Kluge Gefuehle P 0142 560 Sebastian Buehler uTochter und Mutter: Sophie Melbinger, Beatrix Doderer © Sebastian Bühler

Zusätzlich begräbt die Bühne Zwischentöne unter einer Tetris-Kaskade. Das Leben von Tara ist ein ständig neu zusammengesetztes Bühnen-Universum aus grünen Klötzen. Entsprechend der Stimmungslage der Protagonistin wirft sie das äußere Zeugnis ihrer Seelenwelt recht rabiat um. Das ist "in your face"-Symbolik – und macht vor allem Lärm.

Auflösung der Sprachlosigkeit

Auch die Zeichnung der Mutter gerät anfangs holzschnittartig. Beatrix Doderer verkörpert das Klischee einer zugeknöpften Mutter, die ihre Gefühle eingeschlossen hat. Strenges Haar, hochgeschlossenes Kostüm, herrisches Bemuttern der Tochter, die mit 35 doch mal endlich einen Mann finden möge. Dann aber entschwindet sie, um erstmals vor einem zivilgesellschaftlichen Tribunal zu staatlichen Verbrechen im Iran der 80er zu sprechen.
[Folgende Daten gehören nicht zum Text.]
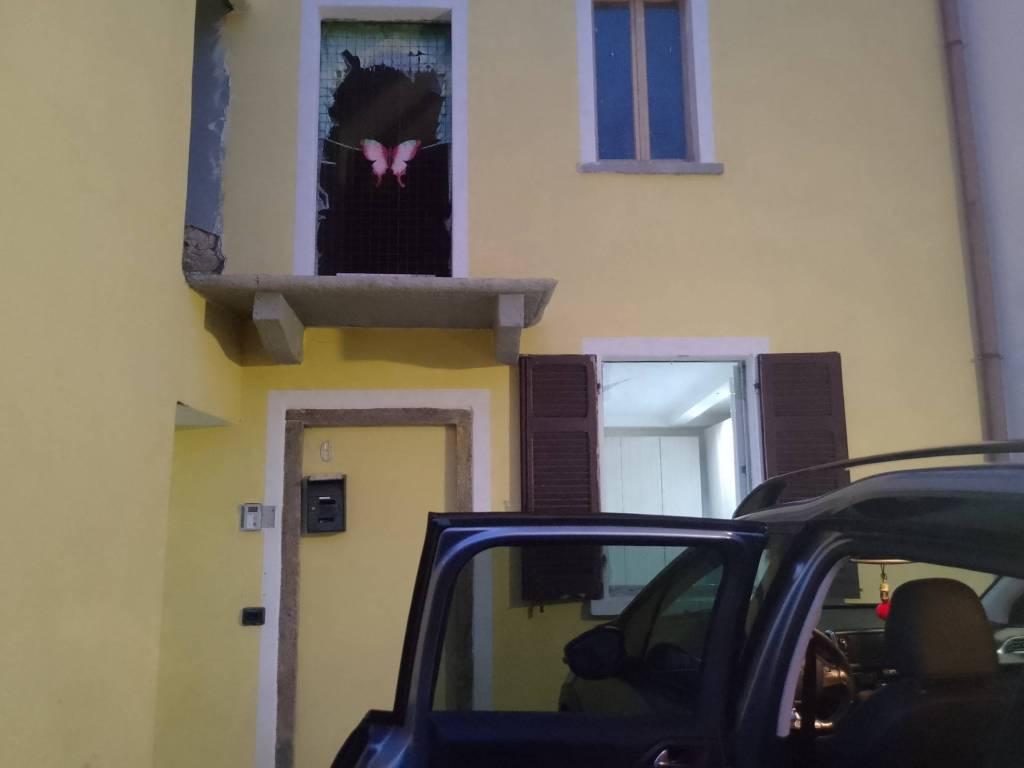 appartamento in vendita a Cocquio-Trevisago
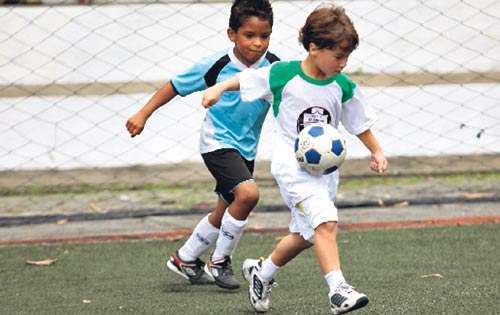 <p>Acción. Pacific Champeon (blanco) derribó a Bagoso.</p>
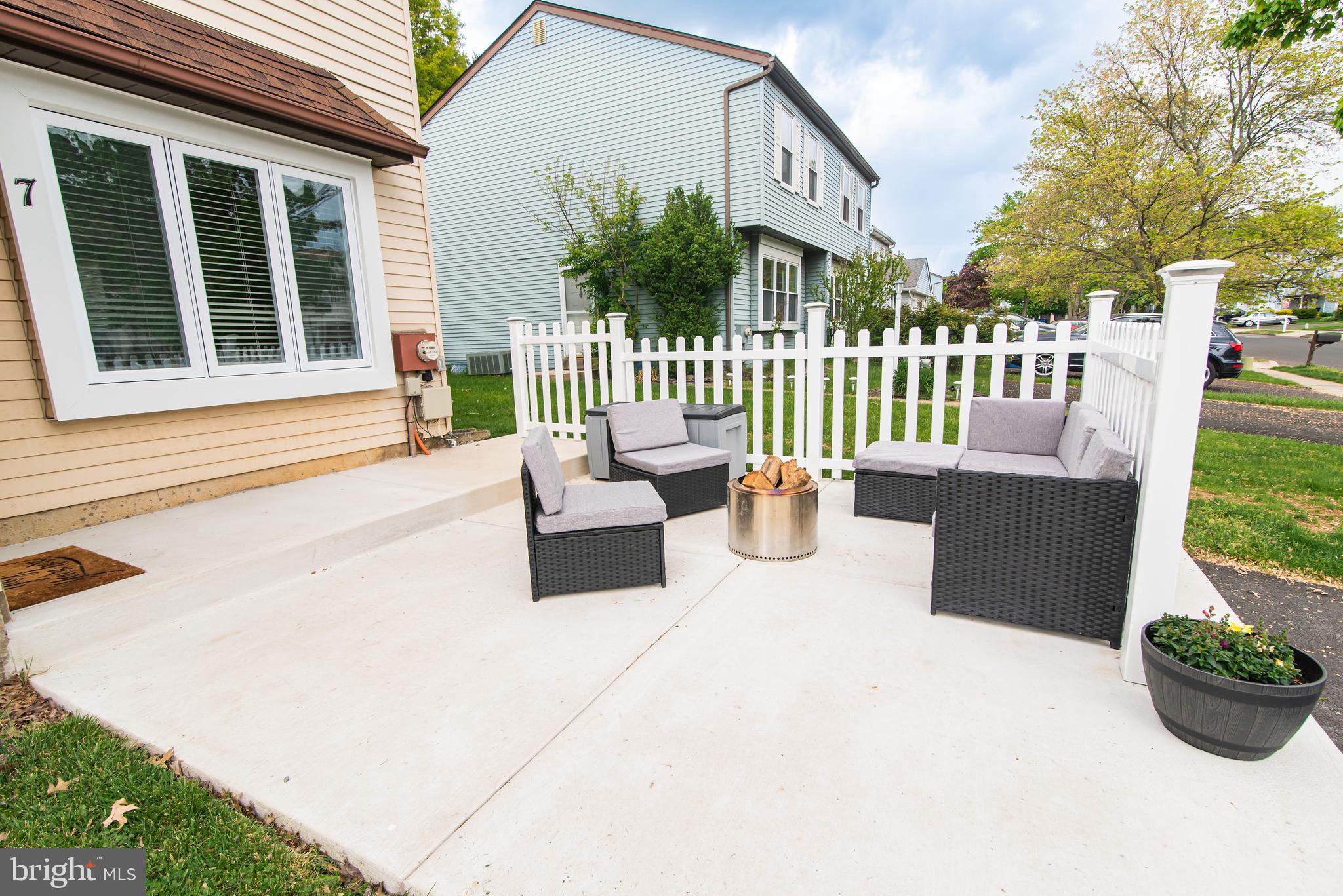 7 School Road Horsham, PA 19044 - Photo 2 of 33 Gallery Image 2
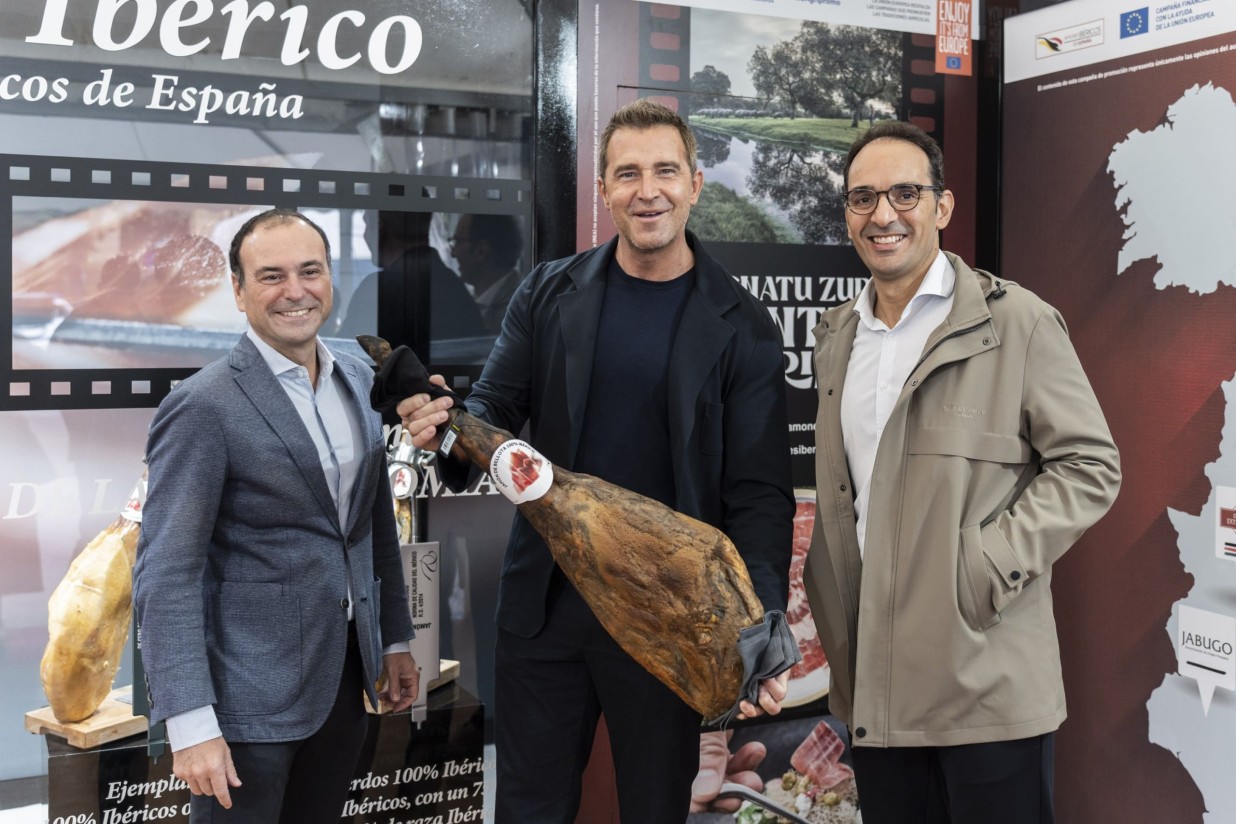ASICI entrega un jamón ibérico al actor Fernando Gil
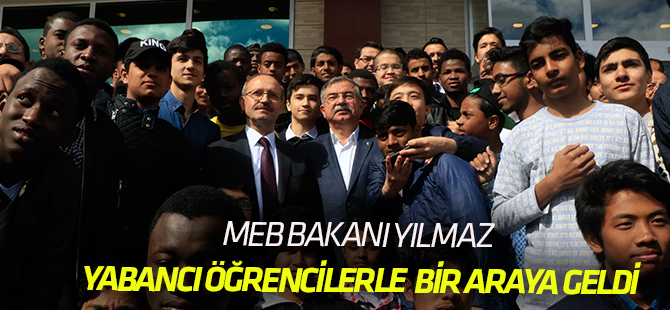 Bakan Yılmaz, yabancı öğrencilerle bir araya geldi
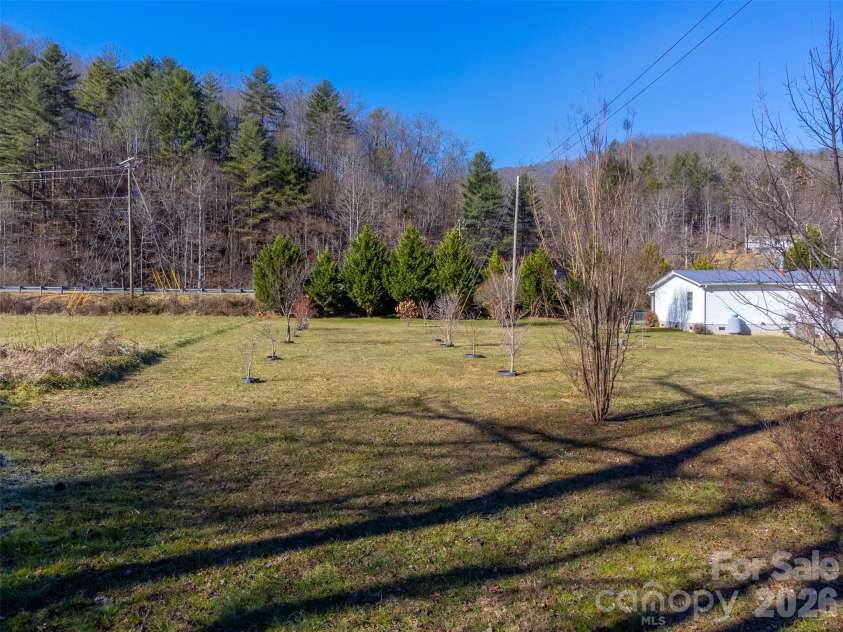 7581 Hwy 441 Highway, Sylva, NC 28779.  MLS# CAR4336341, YatesRealty ID 2682. 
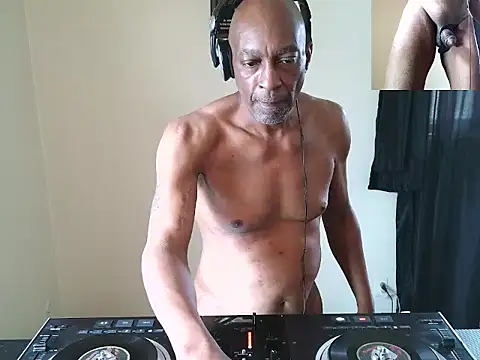 longdick4you8686 online show from April 4, 9:01 pm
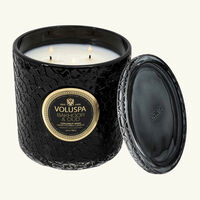 voluspa bahkoor oud candle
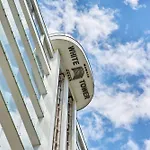Appartement Glamorous White Tower Nord *
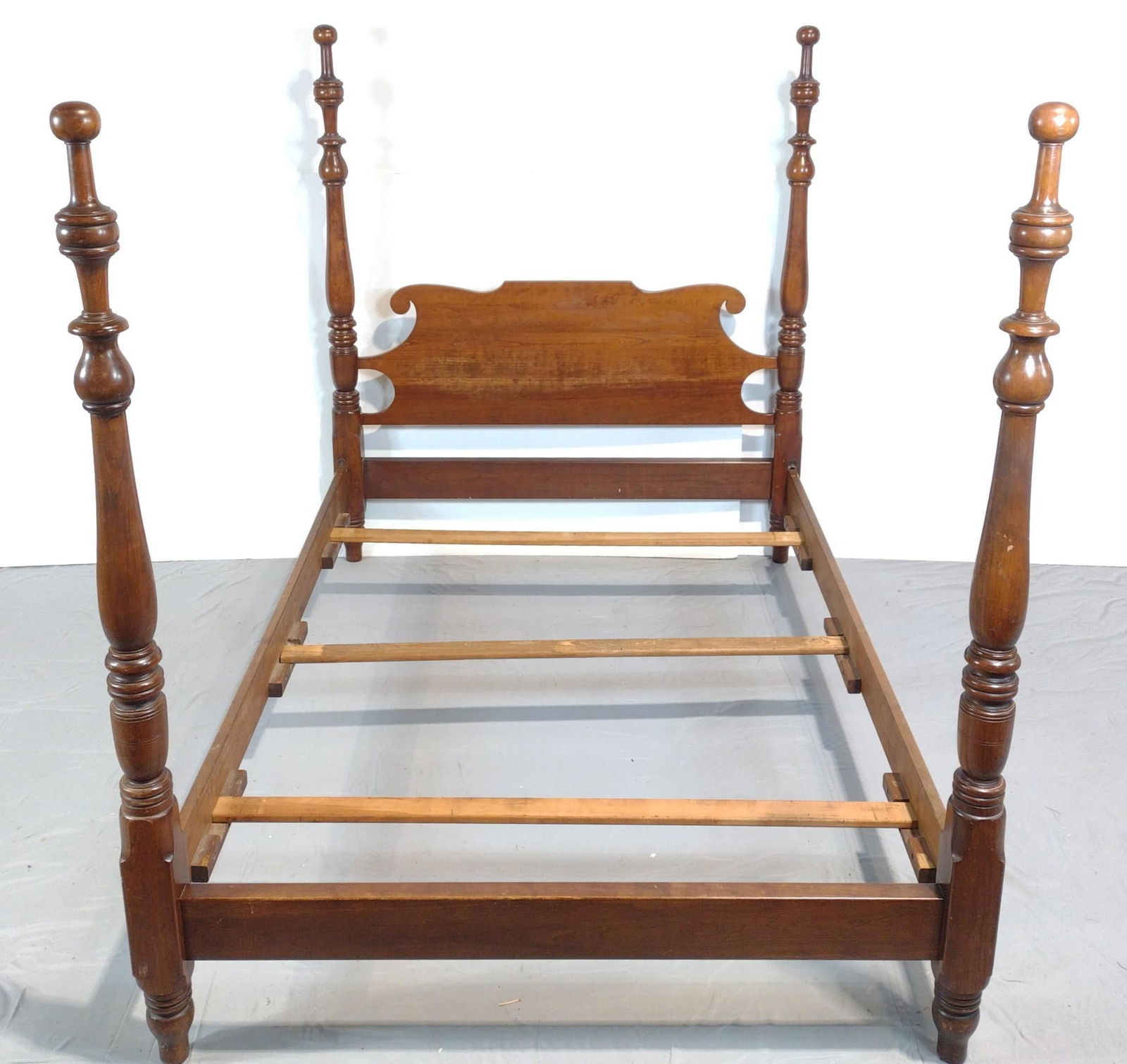 Full Size 4-Poster Bed (1 of 4)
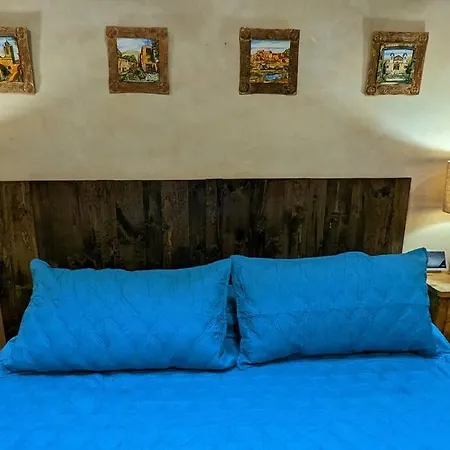 Santa Fe Oasis: Cozy Retreat with Hot Tub Near Town Square-3
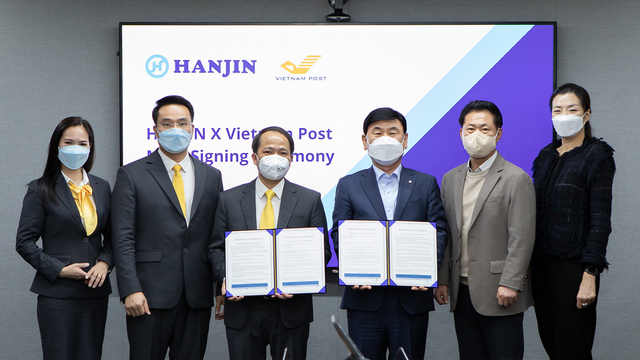 ▲ 조현민 ㈜한진 미래성장전략 및 마케팅 총괄 사장(오른쪽 첫 번째)과 노삼석 대표(오른쪽에서 세 번째) 등 관계자들이 13일 서울 한진빌딩에서 ㈜한진-베트남 우정국 업무협약 체결 이후 기념촬영을 하고 있다. ⓒ㈜한진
Die Aussage im Lichtkegel bringt das Stück zur Ruhe. Im sachlichen Ton schildert die Mutter Foltermethoden, die Scham der Gefangenschaft, die Angst um ihr Ungeborenes angesichts der Lust der Wärter, ihr in den Bauch zu treten, wenn ein Haar unter dem Schleier hervorlugt …

Im Anschluss treffen Mutter und Tochter aufeinander. Die eine hatte immer auf Fragen gehofft, um die Blockade zu lösen, die andere sich nie zu fragen getraut. Die Spannung löst sich in einer Erzählung über Sex, der nie so gut war wie unter dem Eindruck, dass es der letzte sein könnte. Hier funktioniert dann die humoristische Ebene des Stücks auch auf der Bühne. Das letzte Date lässt die Tochter denn auch entspannt platzen und sucht lieber inneren Frieden beim Spaziergang im Grünen.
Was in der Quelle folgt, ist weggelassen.